▶ **What the exercise asks**:
What is needed is a word-for-word copy of the lines below from the one with "Juego de mesa" through the one with "A patinated bronze", both included, with every picture left out.

▶ **Data shown**:
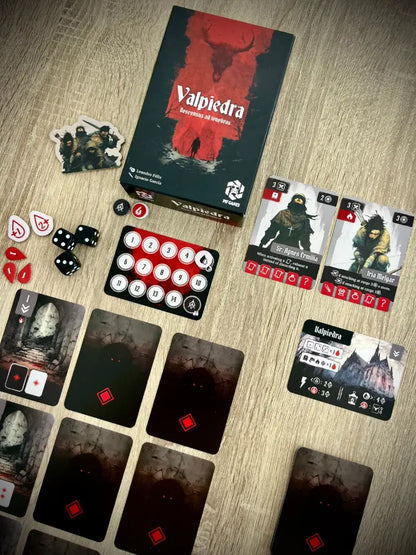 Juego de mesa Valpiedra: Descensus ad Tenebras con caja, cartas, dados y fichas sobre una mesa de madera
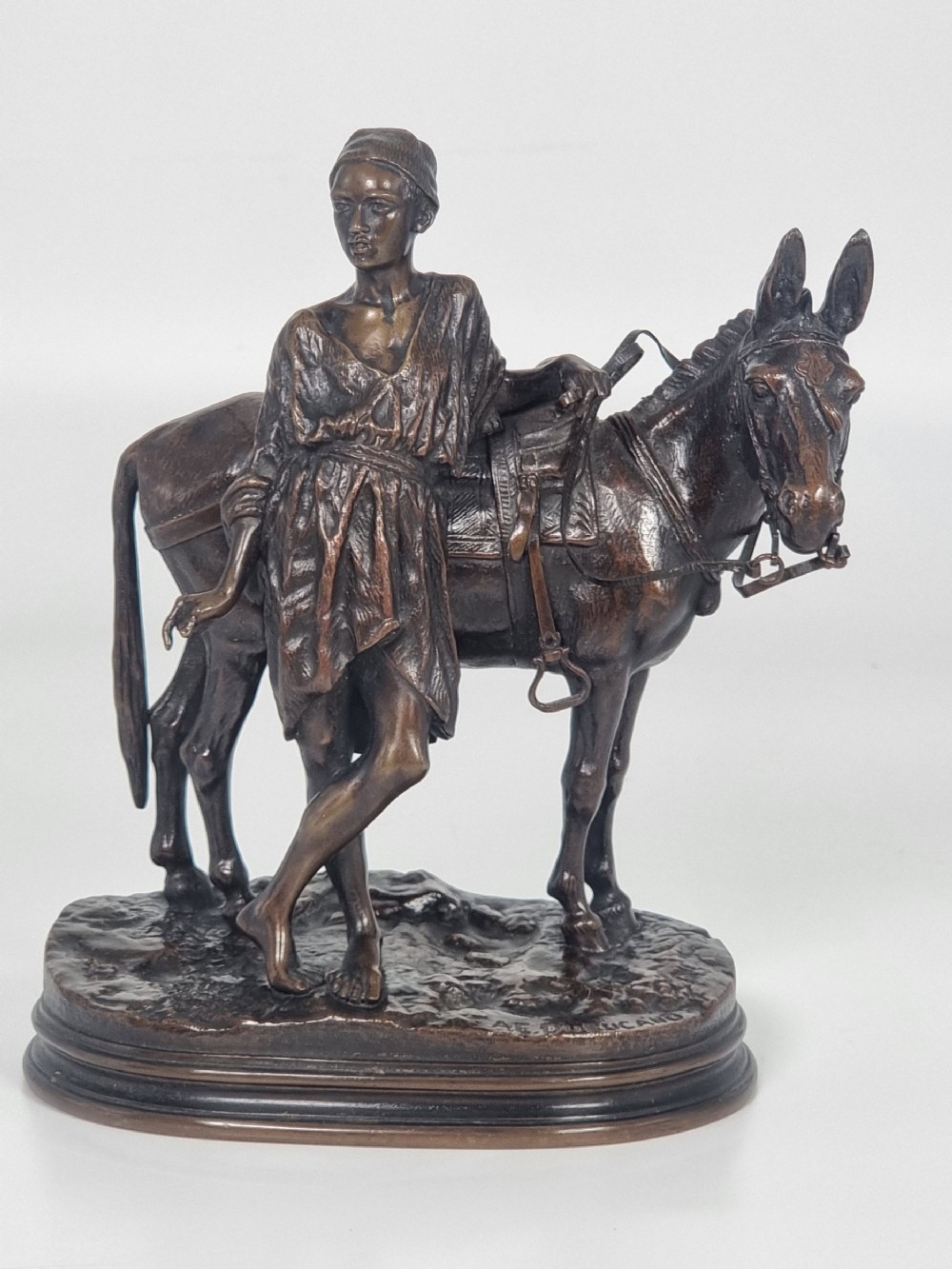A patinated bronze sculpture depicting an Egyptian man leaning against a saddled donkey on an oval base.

---

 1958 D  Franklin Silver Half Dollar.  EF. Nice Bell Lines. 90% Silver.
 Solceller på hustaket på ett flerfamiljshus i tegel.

▶ **Exercise result**:
 Juego de mesa Valpiedra: Descensus ad Tenebras con caja, cartas, dados y fichas sobre una mesa de madera
A patinated bronze sculpture depicting an Egyptian man leaning against a saddled donkey on an oval base.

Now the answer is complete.